PROBLEM TO WORK ON = Copy the data that appears below exactly. Drop the pictures.

DATA BELOW =
★ ★ ★ ★
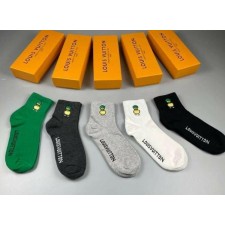 루* 남녀공용 5종 양말세트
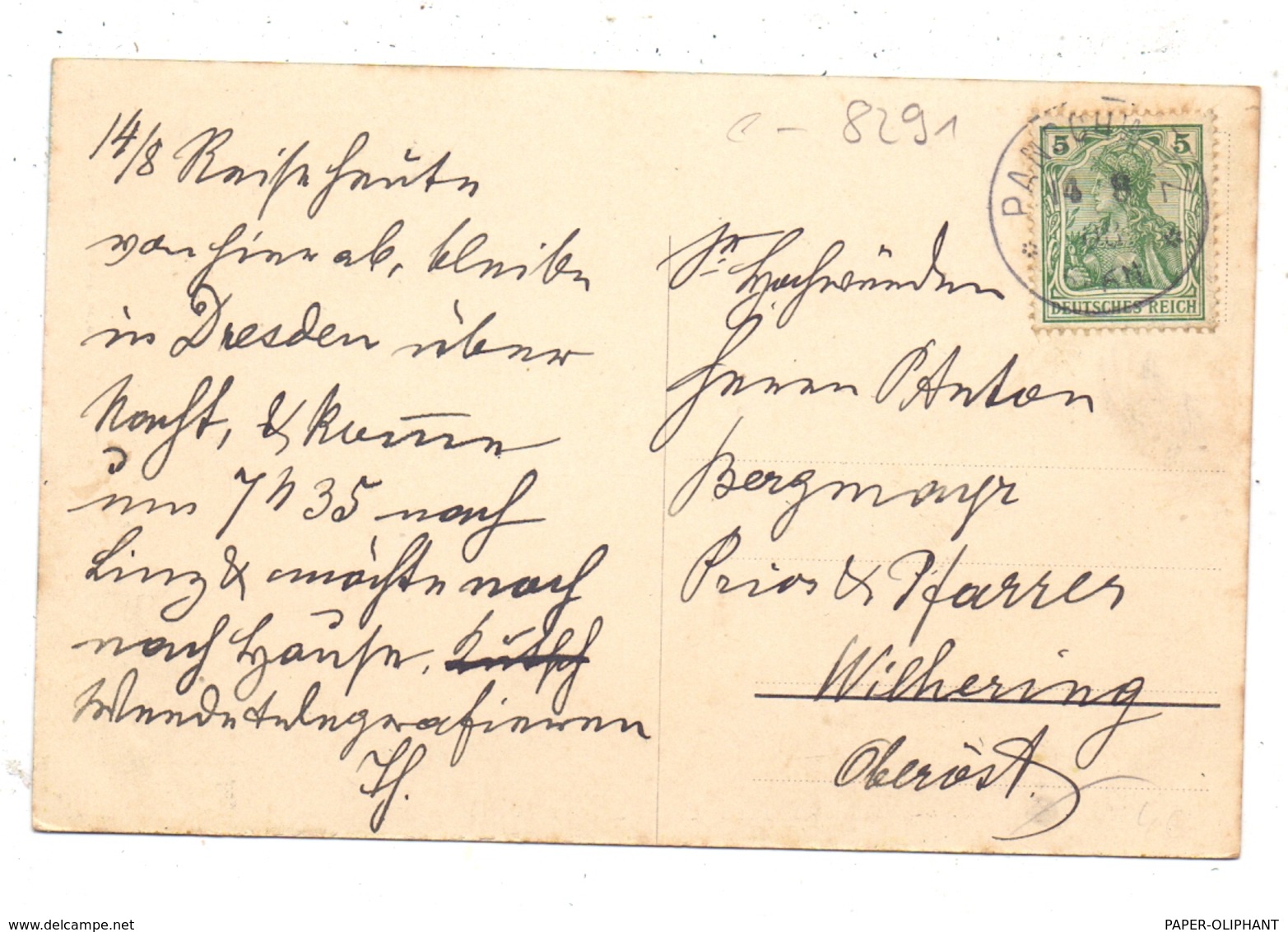 0-8291 PANSCHWITZ- KUCKAU, Kloster St. Marienstern, 1908 - Panschwitz-Kuckau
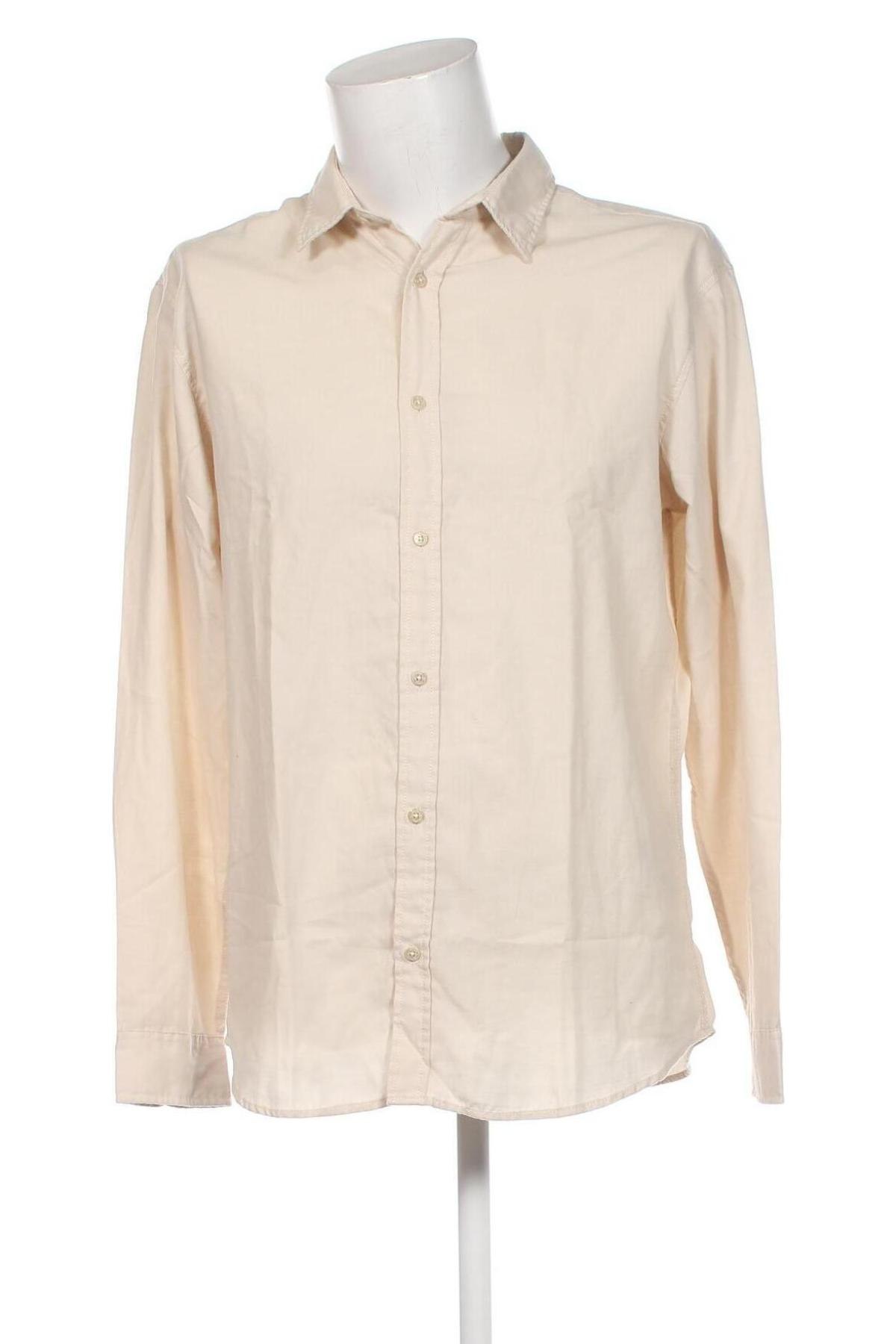 Herrenhemd Jack & Jones, Größe XL, Farbe Beige, Preis 25,36 €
★ ★ ★ ★
OUTPUT OF THE TASK =
 루* 남녀공용 5종 양말세트
 0-8291 PANSCHWITZ- KUCKAU, Kloster St. Marienstern, 1908 - Panschwitz-Kuckau
 Herrenhemd Jack & Jones, Größe XL, Farbe Beige, Preis 25,36 €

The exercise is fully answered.